> _Try it_: Once the line containing "Western blot analysis" is reached in the listing below, reproduce it and all later lines through the final one exactly, but omit any pictures.

Start of Data block

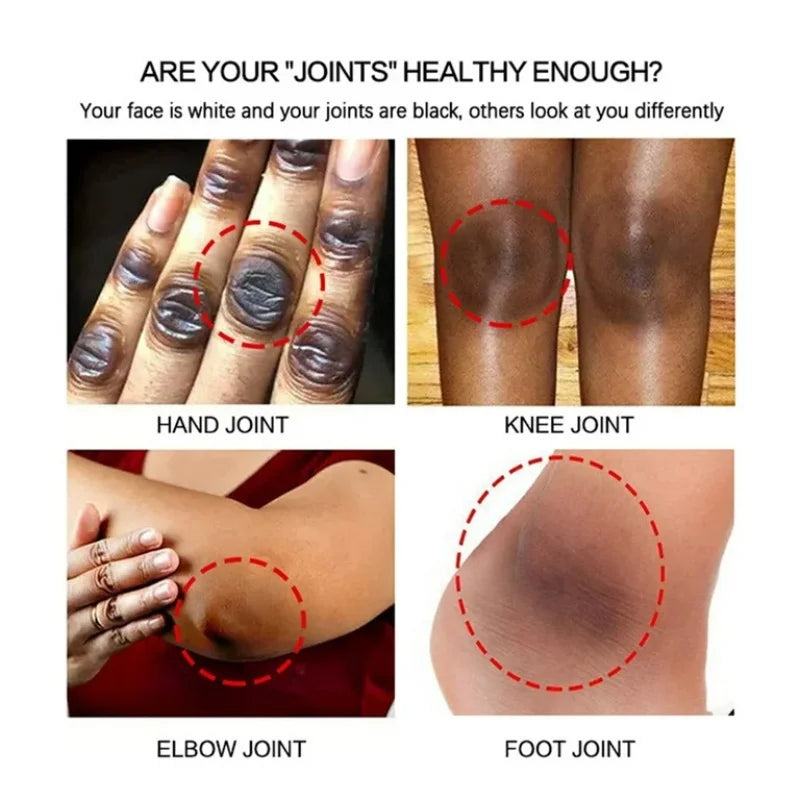 Remove Melanin Nicotinamide Brightening Cream For Dark Skin Effective Lighten Thigh Inner Bleach Private Parts Brighten Cream
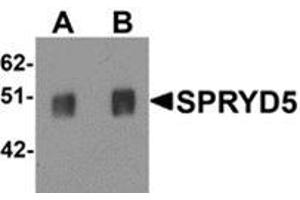Western blot analysis of SPRYD5 in rat brain tissue lysate with SPRYD5 antibody at (A) 0. (TRIM51 抗体  (C-Term))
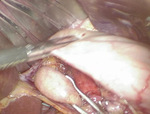 Small obraz133831 opt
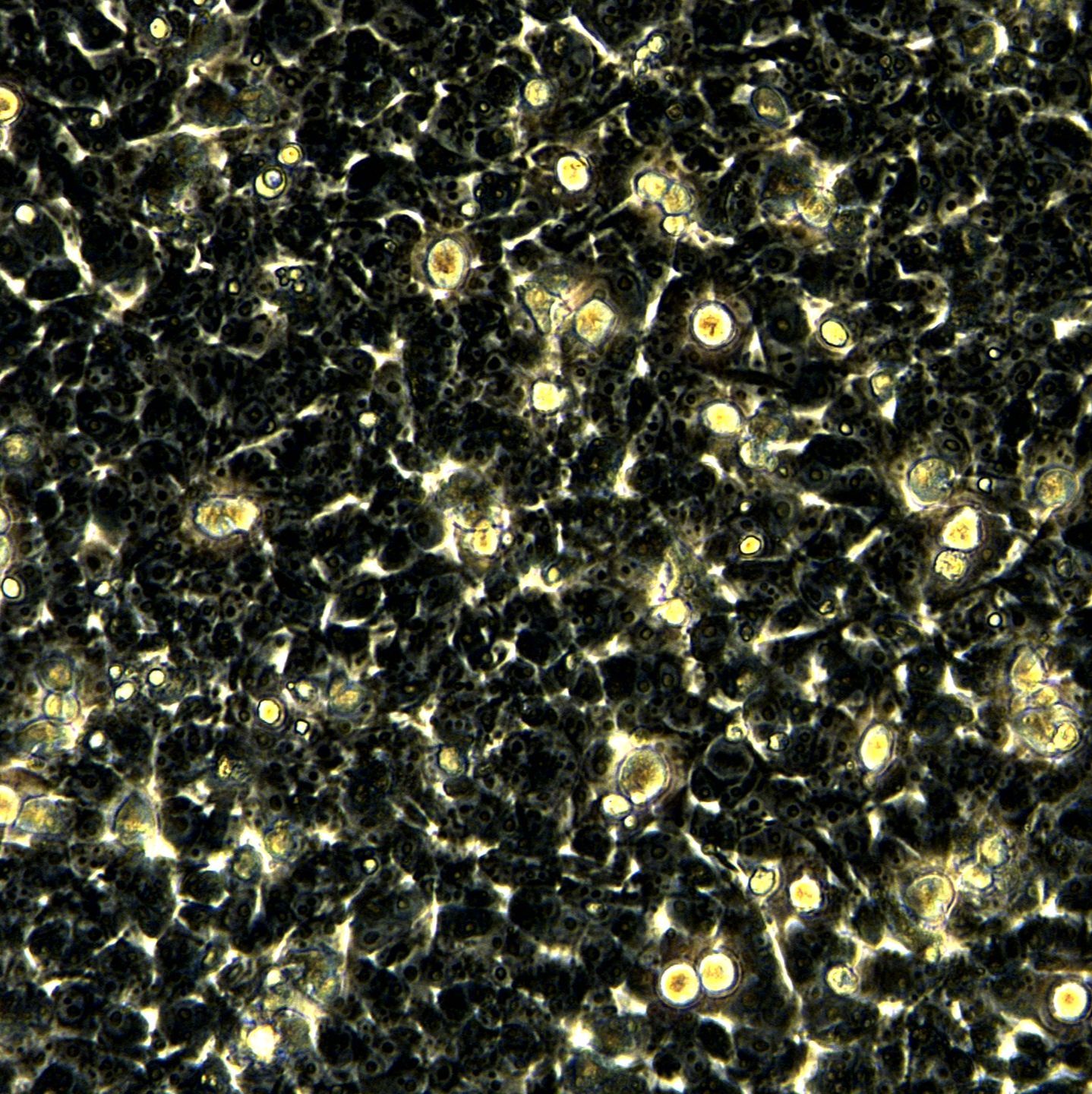 HEK293细胞敲除hUSP11基因细胞系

End of Data block

> _Answer for this exercise_:
Western blot analysis of SPRYD5 in rat brain tissue lysate with SPRYD5 antibody at (A) 0. (TRIM51 抗体  (C-Term))
 Small obraz133831 opt
 HEK293细胞敲除hUSP11基因细胞系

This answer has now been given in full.